L’homme a peur en plein jour comme un enfant la nuit

Face à l’atrocité, Schehadé oppose la plus haute des promesses humaines : celle de la beauté. Face aux salves d’obus, il étire la blancheur d’une page où retentit un seul vers :

Le silence cet oiseau dont on n’entend pas les ailes

Face à la ferraille qui tombe, le poète oppose l’envol. S’il tire un coup de fusil, c’est dans sa mémoire : aussitôt, le bruit fait s’échapper de la forêt une nuée d’oiseaux. A Paris, Schehadé se trouve bien loin de sa bibliothèque laissée dans sa demeure de Beyrouth ; il compose cette anthologie avec ses seuls souvenirs. L’oiseau sera le guide de ce recueil s’ouvrant sur

Mille oiseaux qui s’enfuient n’en font un qui se pose

et dont chaque page reproduit graphiquement le battement de leurs ailes, en déplaçant le vers en bas de la page de gauche, et en le montant vers le haut de chaque page de droite, avant de se refermer à la dernière page sur

Mais, ô Muse, di-moy, quels sont tous ces oiseaux

Face aux tourments de l’Histoire, Schehadé tend le miroir de vers qui font basculer le court destin d’un être humain vers des temps mythologiques, puisque

Les pays qui n’ont plus de légendes seront condamnés à mourir de froid

Jamais le nom de l’auteur du vers n’est cité ; il faut se reporter à l’index final si le lecteur ne l’a pas reconnu par lui-même.

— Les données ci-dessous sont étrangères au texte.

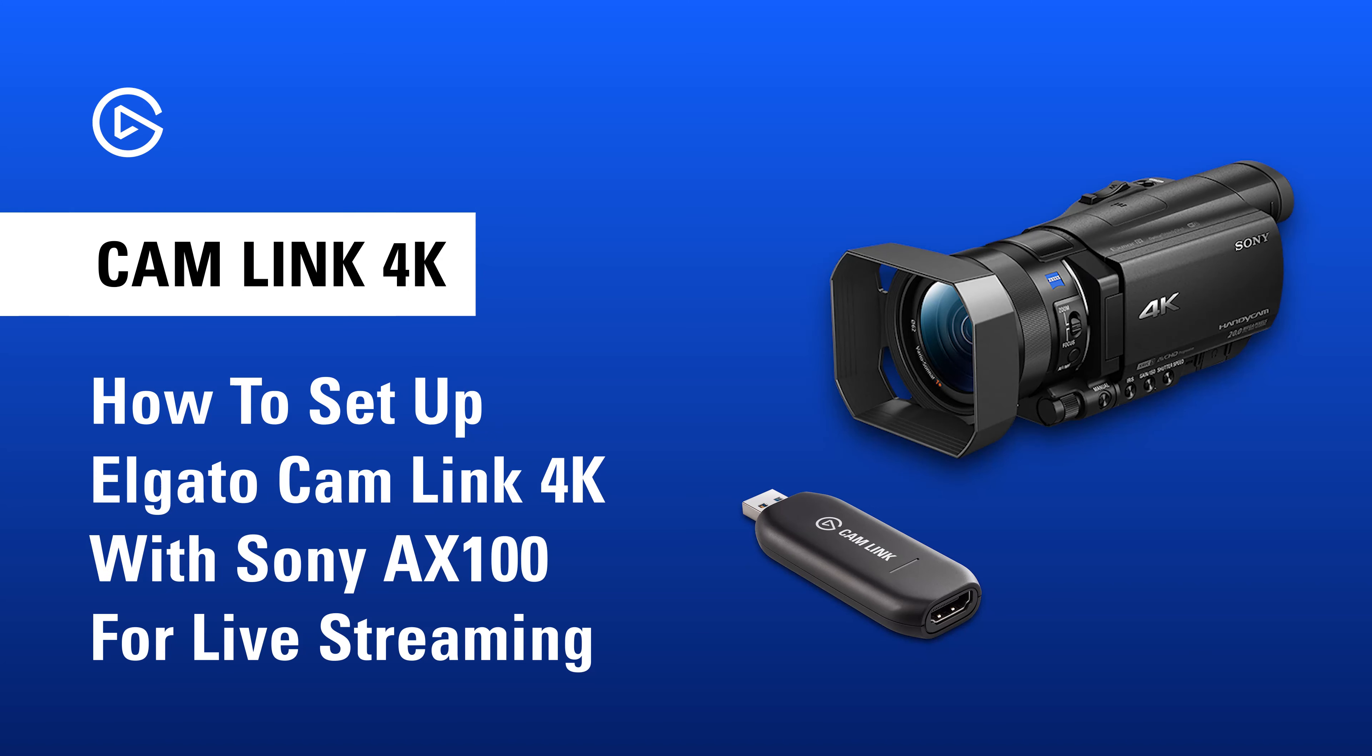In this video, we'll go over how to set up a Sony AX100 with CamLink 4K.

Quant aux dates, elles sont à puiser dans notre propre mémoire. Rendus à leur statut d’énigme, chaque vers se lit comme une ligne de la main : on ouvre une page au hasard, et l’on découvre le destin de sa journée. Assurément, elle sera différente si je lis

J’agrandirai ton cœur pour contenir tout ton amour

Ou

C’est parce que leurs racines paissent le gaz que l’ombre des marronniers est bleue

Schehadé ne s’en tient pas à la Poésie francophone. Il propose des traductions de Ibn Dâwud et de proverbes chinois. Peut-être a-t-il songé au livre de divination chinoise, le Yi King, appelé aussi livre classique des mutations, alors qu’il traçait un vers par page comme un hexagramme où rechercher le sens de notre état mental.

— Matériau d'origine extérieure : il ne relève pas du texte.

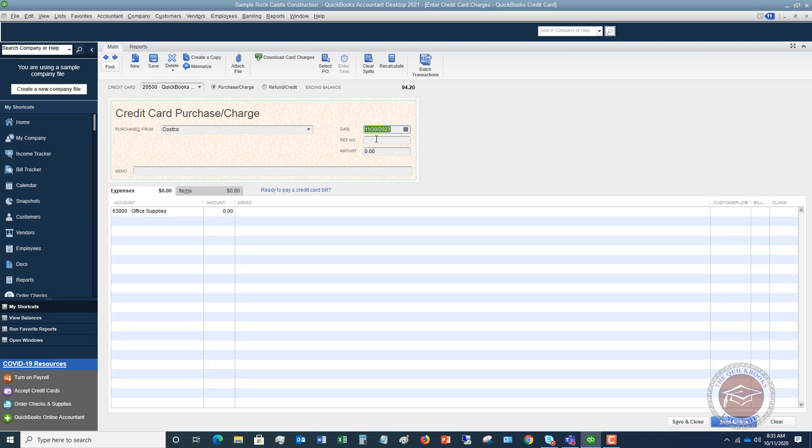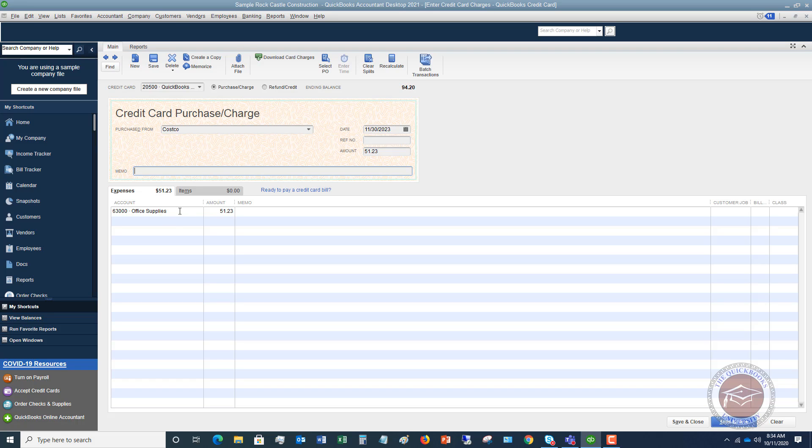Reference number - typically there's not going to be a reference number when entering credit card charges, so you can leave that blank. Then the amount - this is simply whatever the amount was. We'll say this was fifty one dollars and twenty three cents. You can put in a memo if you want to. This is defaulting to office supplies because that's associated with Costco. But let's say you got tires for a business vehicle, you could put it to auto maintenance. In this case, we're going to say office supplies.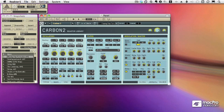Let's take a look at morphing in Reactor. I've brought up the Carbon 2 instrument, one of the many instruments that comes with Reactor. It really is wonderful that you get all of these incredible instruments and effects, and that's even before you start doing any programming. Reactor is just a great, great product.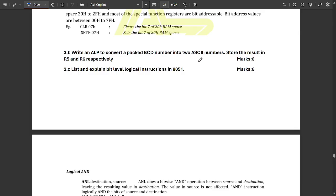The next question asks to write an assembly level program to convert a packed BCD number into two ASCII numbers, with the result stored in R5 and R6 respectively. This is an assembly language code question, so a separate video will be made for it. Stay tuned to our channel — all code-based questions will have separate videos.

Ma douleur comme un peu de soleil dans l’eau froide

Devant des associations audacieuses entre auteurs et époques, devant des fragments de vers arrachés à la structure d’une phrase, le lecteur reste indécis : est-ce un éclat parce que plus aucune parole continue n’est possible en temps de guerre ? Est-ce la marque d’un éclatement du monde intime de Schehadé ? Ou est-ce la volonté ferme de souder ensemble patiemment des voix humaines multiples pour maintenir un dialogue ? Débris de vers ou brassée de fleurs ? Délivrées de ponctuation finale,

Les douceurs où je nage ont une violence
Cette anthologie culte n’avait jamais été rééditée depuis la version cartonnée noire aux lettres d’or, chez Ramsay, en 1977. Les éditions Bartillat la renouvelle magnifiquement : détail d’un tableau de Van Ruisdael en couverture avec des oiseaux dans un ciel nuageux, correction des erreurs de l’édition originale dues aux approximations de mémoire de Schehadé, postface éclairante de son neveu par alliance, Albert Dichy.
Unique, le vers le devient ainsi par cet isolement singulier hors de tout contexte : il se pose d’une patte entêtante sur nos épaules ; il nous donne un coup de bec à l’oreille, chantant de toute sa force intemporelle. C’est ce qui rend cette anthologie classique, ce « vivre à jamais » de chaque vers renouvelé : « aucune oeuvre d’art n’est quelque chose qu’on peut se permettre d’enterrer à jamais » écrit le poète américain Ezra Pound, lui-même publié cet automne aux éditions Bartillat pour son ABC de la lecture.
Je gage que Schehadé pensait de même et qu’en inventant cette anthologie inégalée, il a  refusé la douleur de l’exil, il a empêché les bombes d’ensevelir sa vitalité, il a répondu à la guerre par une rage poétique, il a rappelé à chacun de nous sa part d’humanité inaltérable

Nous sommes libres de faire le bien

Anthologie du vers unique, de Georges Schehadé, éditions Bartillat, novembre 2011.